CAIRO: The Egyptian Orthodox Church has issued a statement condemning the theft of the body of the Patriarch Gerges, son of priest Ibrahim Al-Basit, from his family’s burial place in the Minya governorate.
Last Saturday, the cemetery was opened and Al-Basit’s body was stolen. The crime of stealing the bodies of the dead has recently spread across Egypt, especially while the sanctity of the body remains preserved. It is also common for the remains to be collected two years after the burial.
Last October, a gang was arrested after stealing bodies from their graves. An investigation has revealed that the main defendant sold the bodies to medical students for practical learning.
Some of the gravediggers remove tissues and grease from the bones by boiling them to remove their odor before selling them to students.
The investigation found that the defendant had put a price on various limbs.
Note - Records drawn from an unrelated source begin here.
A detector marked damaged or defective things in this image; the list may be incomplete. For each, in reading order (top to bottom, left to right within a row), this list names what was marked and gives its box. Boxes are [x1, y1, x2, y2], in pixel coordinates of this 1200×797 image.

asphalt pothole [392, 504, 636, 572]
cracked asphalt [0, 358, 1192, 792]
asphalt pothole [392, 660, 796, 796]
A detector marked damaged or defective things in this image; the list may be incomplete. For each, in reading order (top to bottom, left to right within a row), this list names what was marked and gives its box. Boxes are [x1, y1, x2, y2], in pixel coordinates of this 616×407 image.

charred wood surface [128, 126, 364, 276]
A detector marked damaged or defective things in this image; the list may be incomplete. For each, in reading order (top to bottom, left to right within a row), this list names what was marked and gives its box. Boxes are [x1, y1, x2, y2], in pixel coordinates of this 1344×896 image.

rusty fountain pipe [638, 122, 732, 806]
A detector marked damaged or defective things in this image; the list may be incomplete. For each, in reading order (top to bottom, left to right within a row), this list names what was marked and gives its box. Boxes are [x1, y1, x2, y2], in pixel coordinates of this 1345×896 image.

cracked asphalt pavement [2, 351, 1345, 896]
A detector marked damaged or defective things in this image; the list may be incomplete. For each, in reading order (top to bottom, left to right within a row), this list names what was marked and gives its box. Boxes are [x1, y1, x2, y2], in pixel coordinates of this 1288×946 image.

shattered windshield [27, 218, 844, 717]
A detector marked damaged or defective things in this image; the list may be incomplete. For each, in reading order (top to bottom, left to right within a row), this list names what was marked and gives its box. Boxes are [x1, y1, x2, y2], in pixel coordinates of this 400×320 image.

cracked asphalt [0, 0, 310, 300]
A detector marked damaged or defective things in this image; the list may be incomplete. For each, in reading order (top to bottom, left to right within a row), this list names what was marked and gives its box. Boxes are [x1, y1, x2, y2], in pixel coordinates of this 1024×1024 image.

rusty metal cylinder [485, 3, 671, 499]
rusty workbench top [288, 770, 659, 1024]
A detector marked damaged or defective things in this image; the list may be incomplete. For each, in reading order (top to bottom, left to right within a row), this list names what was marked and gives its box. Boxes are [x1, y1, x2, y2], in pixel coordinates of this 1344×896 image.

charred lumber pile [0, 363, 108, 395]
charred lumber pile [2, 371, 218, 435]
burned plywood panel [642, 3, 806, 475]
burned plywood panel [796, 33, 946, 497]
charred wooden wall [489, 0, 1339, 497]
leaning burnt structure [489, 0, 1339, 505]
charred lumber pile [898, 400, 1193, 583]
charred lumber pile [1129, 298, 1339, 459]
The leg and the arm were priced at 3,000 Egyptian pounds ($180), the skull cost 5,000 pounds and the whole body was worth 20,000 pounds.
Ashraf Farahat, a legal expert and lawyer, said that Egyptian law demands up to five years of imprisonment and a fine of 100-500 pounds for criminals who violate the sanctity of graves.
Yasser Sayed Ahmed, a legal expert and lawyer, said he knew of many cases where cemetery guards and assistants help people access graves for superstitious reasons in exchange for large sums of money.
The majority of these cases are happening with the help of the guards of the tombs. They exhume graves at night to extract the bodies and separate the organs to sell bones and skulls. They often sell them to drug dealers by grinding and mixing some materials for sale at high prices.